The chat mode offers function calling, FIM (Fill-in-the-Middle) completion, and JSON output, while the reasoner mode omits function calling and FIM, focusing instead on deeper contextual reasoning.

If a request to the reasoner model includes tool usage, it is automatically rerouted to the chat model.

The maximum output token lengths also vary:

Chat mode supports up to 8,000 tokens (default: 4,000)
Reasoner mode supports up to 64,000 tokens (default: 32,000)

API Pricing Structure

The pricing for both modes on DeepSeek's API is based on token usage and distinguishes between cache hits and misses, that is, if it can call upon previously stored information (cache hit) reducing new tokens from having to be inputted:

1M Input Tokens (Cache Hit): $0.07
1M Input Tokens (Cache Miss): $0.56
1M Output Tokens: $1.68

Token billing is based on the sum of input and output tokens. If both a topped-up and granted balance are available, the granted balance is used first.

However, given DeepSeek is a Hong Kong-based firm, enterprises in the U.S./West should perform their due diligence before relying on the API. Of course, the model is also available for them to use, download, modify and customize from Hugging Face — which would heavily reduce any concerns about security or data usage policies. Yet in this case, the company would need to host or rent a host for the model inferencing capability.
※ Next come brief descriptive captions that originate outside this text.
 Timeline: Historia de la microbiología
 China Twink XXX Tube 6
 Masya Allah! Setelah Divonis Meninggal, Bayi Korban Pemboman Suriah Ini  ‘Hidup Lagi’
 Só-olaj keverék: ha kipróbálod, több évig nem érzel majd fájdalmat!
For developers interested in self-hosting, the model maintains the same architecture as DeepSeek-V3.1. Updated inference demo code is included in the repository to facilitate local deployment.
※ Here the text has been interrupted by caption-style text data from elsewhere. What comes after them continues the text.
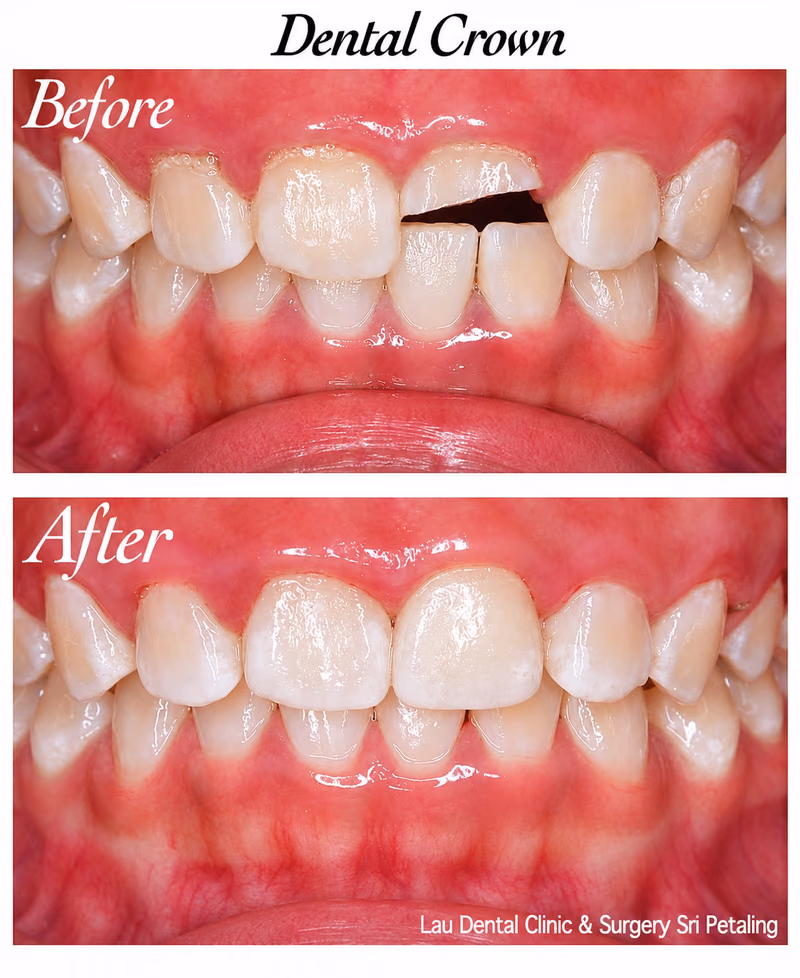 Dental crown restoring a fractured front tooth, rebuilding stronger tooth structure and natural appearance.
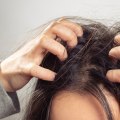 Treating Itchy Scalp and Hair Loss: Expert Tips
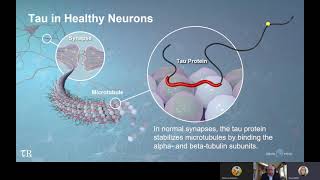 Targeting Tau in Alzheimers Disease [upl. by Hpeseoj90]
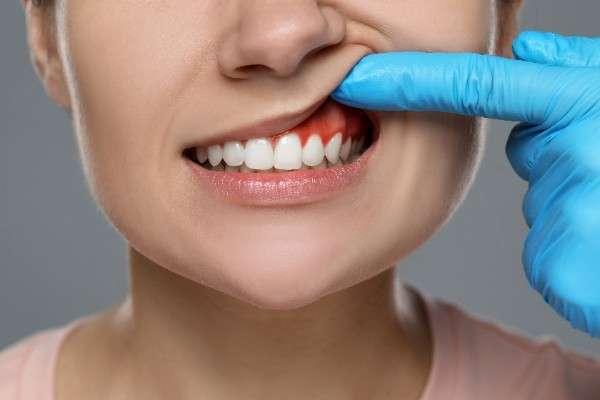 emergency dentist in Loughborough 
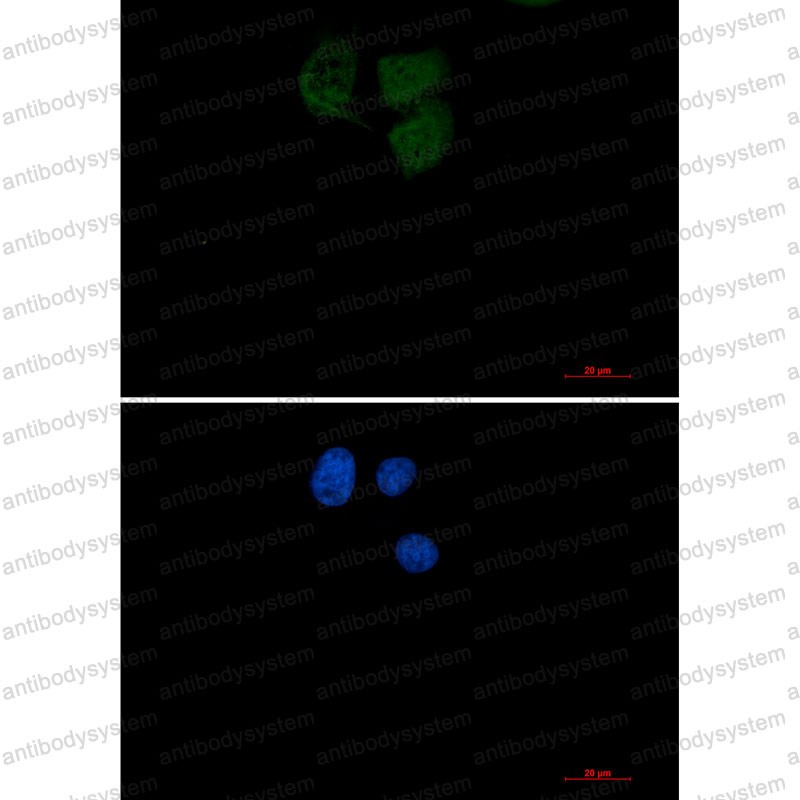 Anti-UBE2N Antibody (R1Z96)
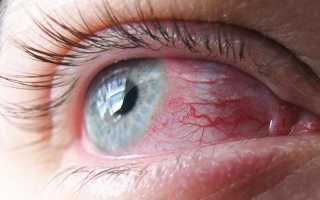 Классификация фолликулярного конъюнктивита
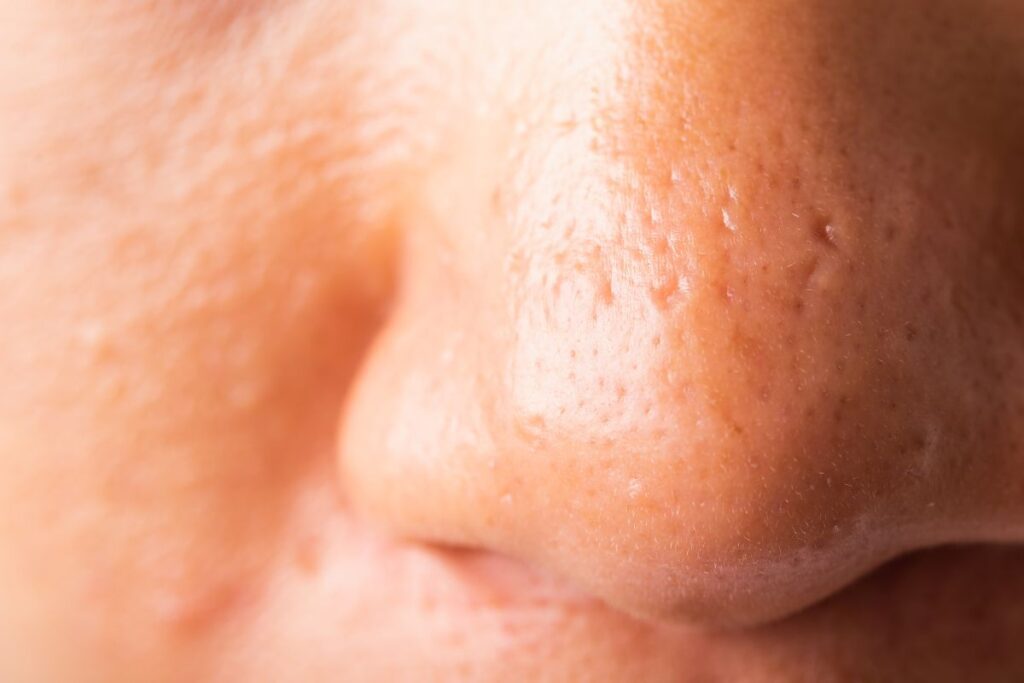 avis dermatologue comment resserrer pore du visage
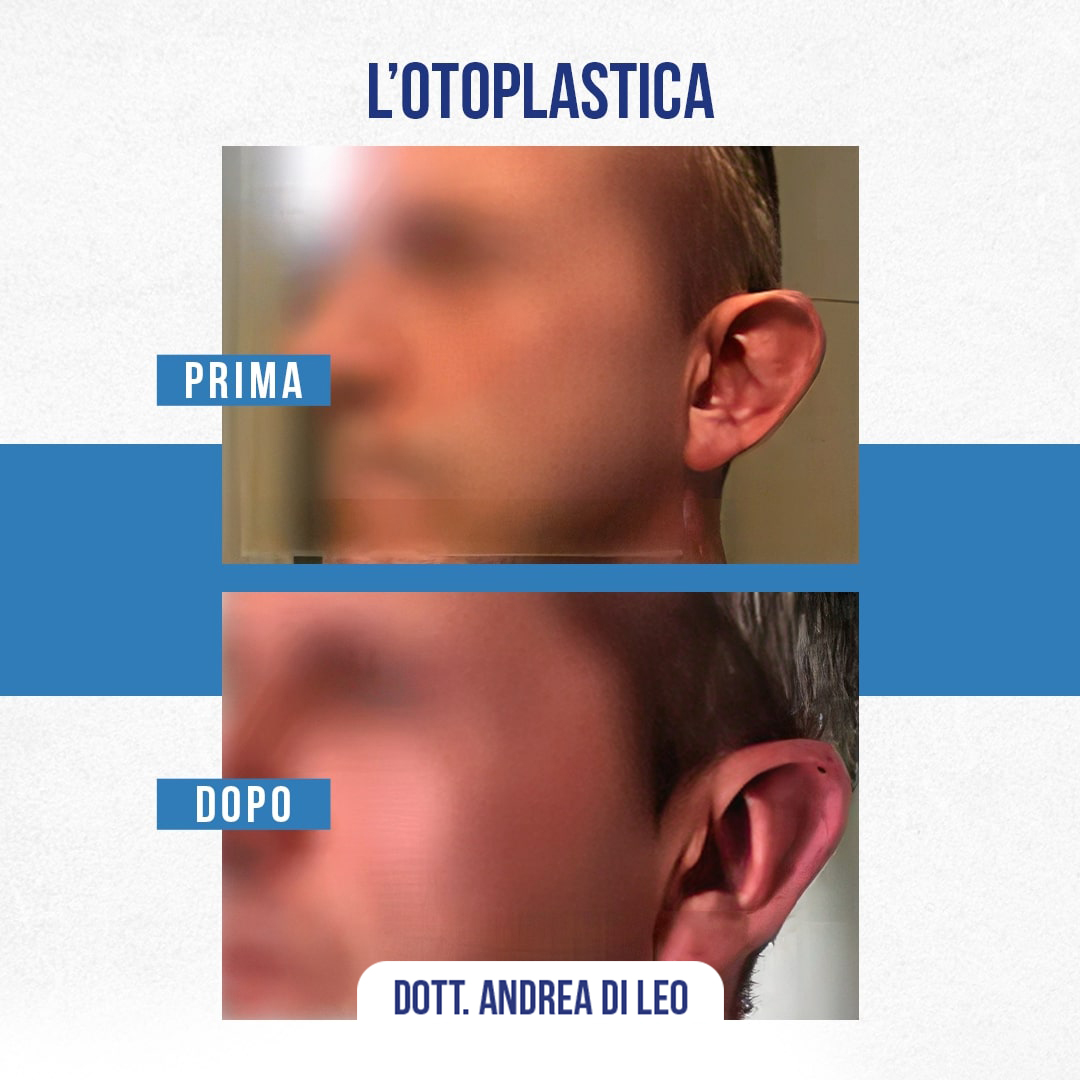 img-Prima-Dopo-OTOPLASTICA-03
A known technical issue remains in the current checkpoint: the self_attn.o_proj parameter does not yet conform to the UE8M0 FP8 scale data format. DeepSeek notes this will be corrected in a future release.

What's Next for DeepSeek?

The release of DeepSeek-V3.1-Terminus reflects a continued effort by the company to iterate based on community input.
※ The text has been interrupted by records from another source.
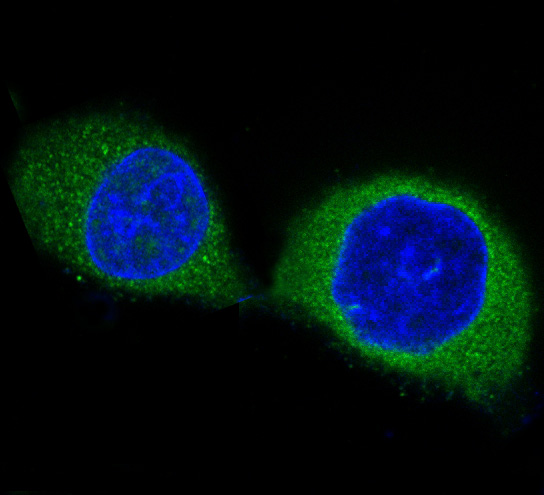 PDPK1 Rabbit mAb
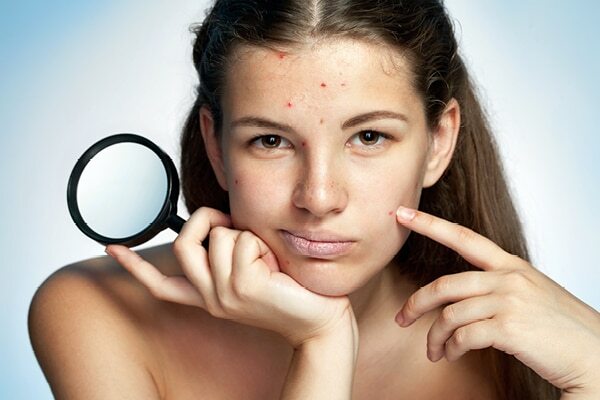 FAQs about pimples on forehead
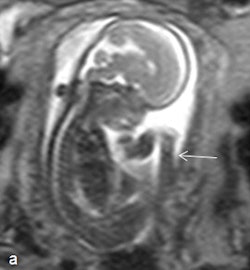 Fetus at 18 weeks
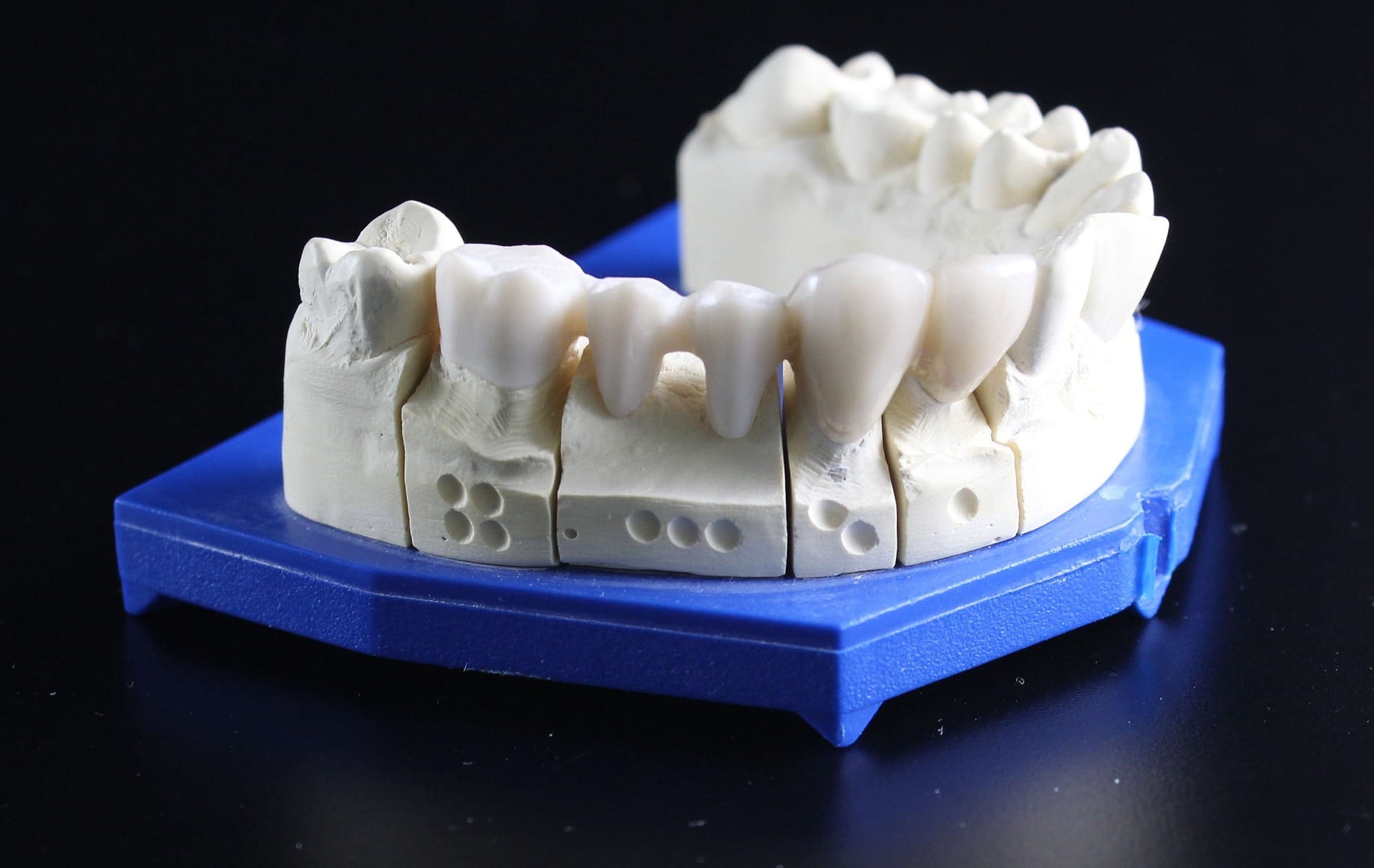 Dental crown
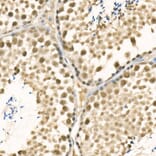 Immunohistochemistry - Anti-METTL3 Antibody (A12244) - Antibodies.com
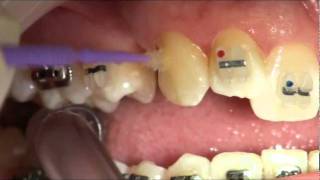 Orthodontic Brace Fitting West London Orthodontist Dr Chaw Su Kyi [upl. by Bea671]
While most improvements are incremental, the enhanced agent performance and expanded feature set in the chat mode are likely to benefit developers and researchers seeking stable, tool-integrated language model capabilities.

As DeepSeek builds on the momentum from its earlier V3.1 release, the company continues to test the boundaries of both technical achievement and accessibility.

With ongoing interest from the global research and developer communities, its open-source approach remains a key differentiator in the evolving AI landscape.

Meanwhile, chatter has already started on social that DeepSeek V4 is in the works. And of course, we're all waiting for a successor to DeepSeek R1, the presumed DeepSeek R2. However, some commentators have previously alleged DeepSeek's continued focus on its V3 series is evidence the company has hit development challenges in training more powerful models — despite this release and the release of DeepSeek R1-0528 back in May 2025.